Übereinstimmend hielten die Komiteemitglieder fest, dass es wichtig sei, allen Menschen eine Chance zu geben, «ohne staatliche Unterstützung über die Runden zu kommen». Der Mindestlohn erhöhe die Kaufkraft und komme so indirekt dem Gewerbe zugute, da der Konsum ansteigen dürfte. Familien und Alleinstehenden solle «ein Leben in Würde» ermöglicht werden. Zusammenfassend sagte Robischon, dass der Mindestlohn vor Armut schütze, die Wirtschaft stärke, für Wettbewerb sorge und die Gemeinden entlaste. «Auch der Kanton Baselland ist bereit für diese Entwicklung.»
Arbeitgeber fordern Zurückhaltung von der Politik
vs. Die Löhne standen auch im Zentrum einer Veranstaltung in Basel. Auf Einladung des Arbeitgeberverbands beider Basel hielten am Montag hochrangige Arbeitgebervertreter eine Pressekonferenz ab. Dessen Präsident, Beat Hauenstein, sprach von der Tendenz der Politik, «immer mehr Ausgaben von der erwerbstätigen Bevölkerung finanzieren zu lassen». Dies über Lohnabzüge und höhere Lohnnebenkosten.
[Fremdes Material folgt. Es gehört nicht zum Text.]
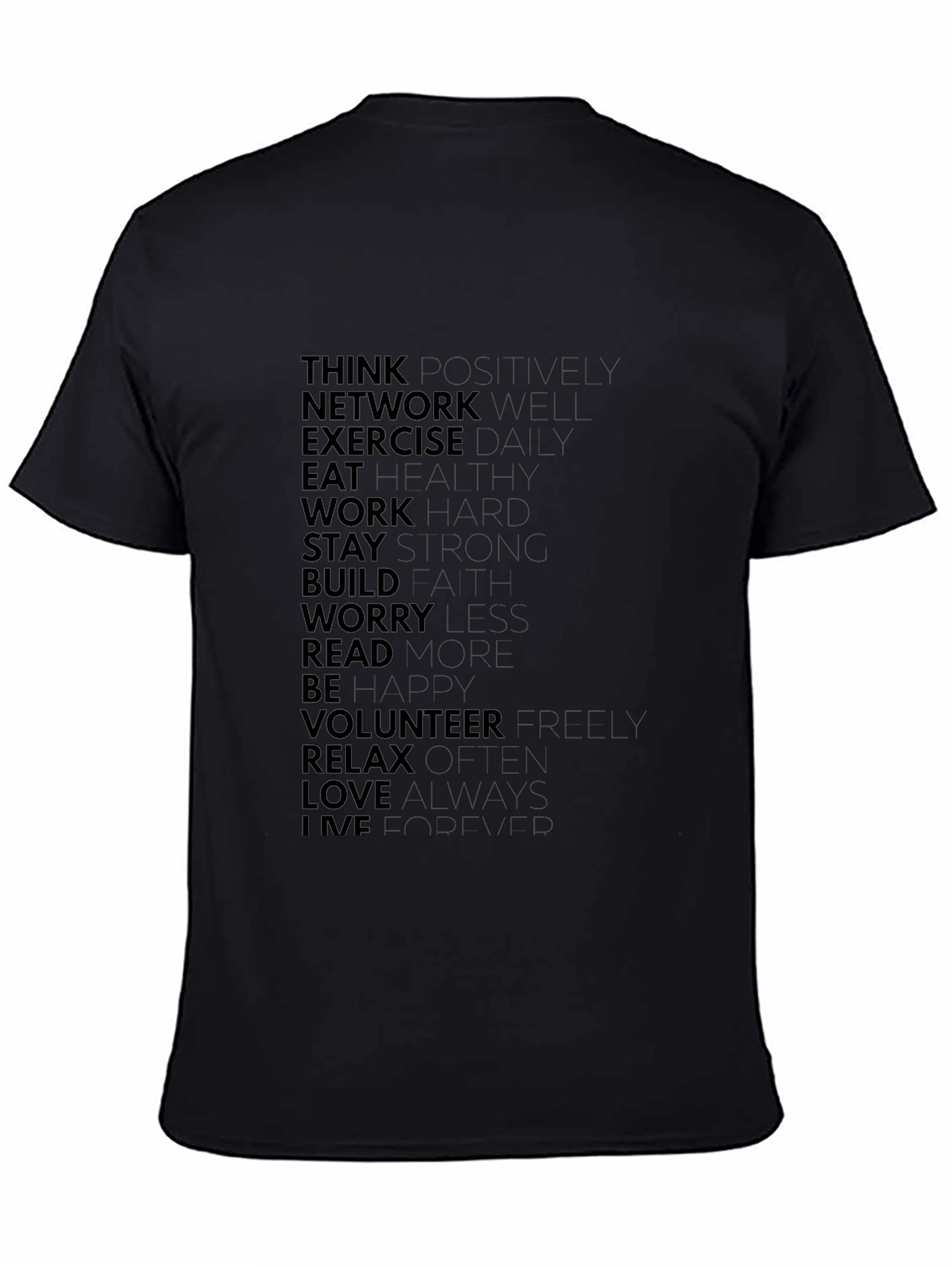 Motivational Black T-Shirt: Think Positive Live Well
Als Beispiele wurden die 13. AHV-Rente und eine neue Vorlage zur Erhöhung der Ausgaben für die Erwerbsersatzordnung (EO) genannt. Darüber hinaus werde in Bundesbern diskutiert, die familienergänzende Kinderbetreuung über eine neue Sozialversicherung von den Arbeitgebern finanzieren zu lassen, sagte Bernhard Salzmann, Direktor des Schweizerischen Baumeisterverbands. «Löhne sind da, um Leistungen der Mitarbeiterinnen und Mitarbeiter zu honorieren, nicht um politische Wunschzettel zu erfüllen», gab er seinem Unmut Ausdruck.
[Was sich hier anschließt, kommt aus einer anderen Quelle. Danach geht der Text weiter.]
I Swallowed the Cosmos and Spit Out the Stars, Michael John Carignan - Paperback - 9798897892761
Beat Imhof, Präsident des Branchenverbands Gastro Suisse, ärgerte sich darüber, dass der Bund Löhne bezahle, die über dem Marktdurchschnitt liegen, und damit der Wirtschaft Arbeitskräfte entziehe. Er kritisierte auch, dass der Staat Arbeitsbedingungen regle und damit die Sozialpartnerschaft zwischen Arbeitgebern und Arbeitnehmern übersteuere. Bestes Beispiel dafür seien die kantonalen Mindestlöhne. «Gesamtarbeitsvertragliche Mindestlöhne sollten Vorrang vor staatlichen Mindestlöhnen haben», sagte Imhof.
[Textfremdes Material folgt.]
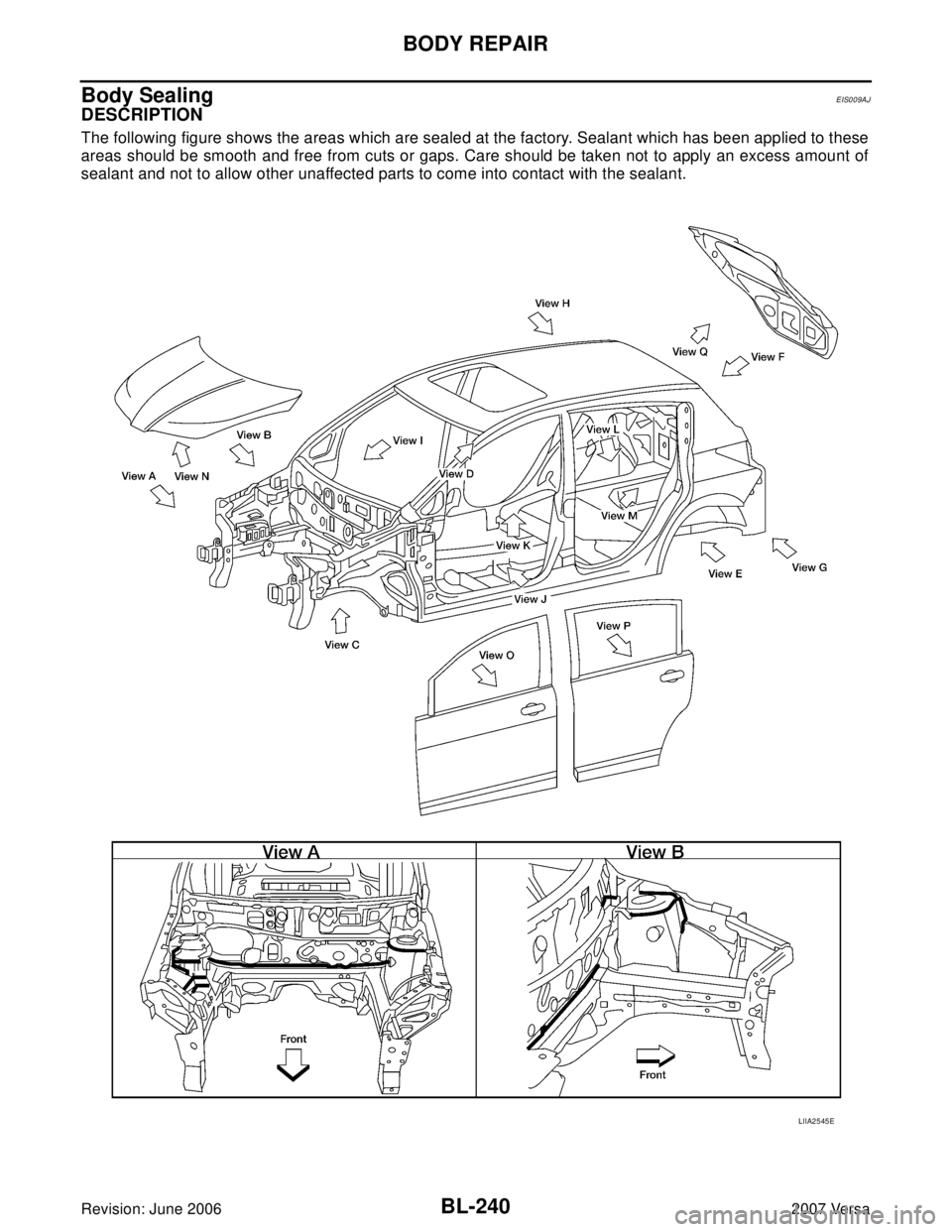 NISSAN VERSA 2006  Workshop  Service Repair Manual BL-240
BODY REPAIR
Revision: June 20062007 Versa
Body SealingEIS009AJ
DESCRIPTION
The following figure shows the areas which are sealed at the factory. Sealant which has been applied to these
areas sh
In dasselbe Horn stiess Saskia Schenker, Direktorin des Arbeitgeberverbands beider Basel: «Wir lehnen den Eingriff der Politik in die Lohnbildung und die Sozialpartnerschaft vehement ab. Deshalb sagen wir am 9. Februar in den Kantonen Baselland und Solothurn klar Nein zu den Mindestlohn-Initiativen.» Die Politik habe die Übersicht verloren, wo sie überall die Lohnkosten und die Lohnnebenkosten erhöhen wolle, so die Itingerin. Die Arbeitnehmenden und die Unternehmen würden einen grossen Teil des Sozialstaats bezahlen. Sie dürften nicht überfordert werden, sonst würden Arbeitsplätze gefährdet.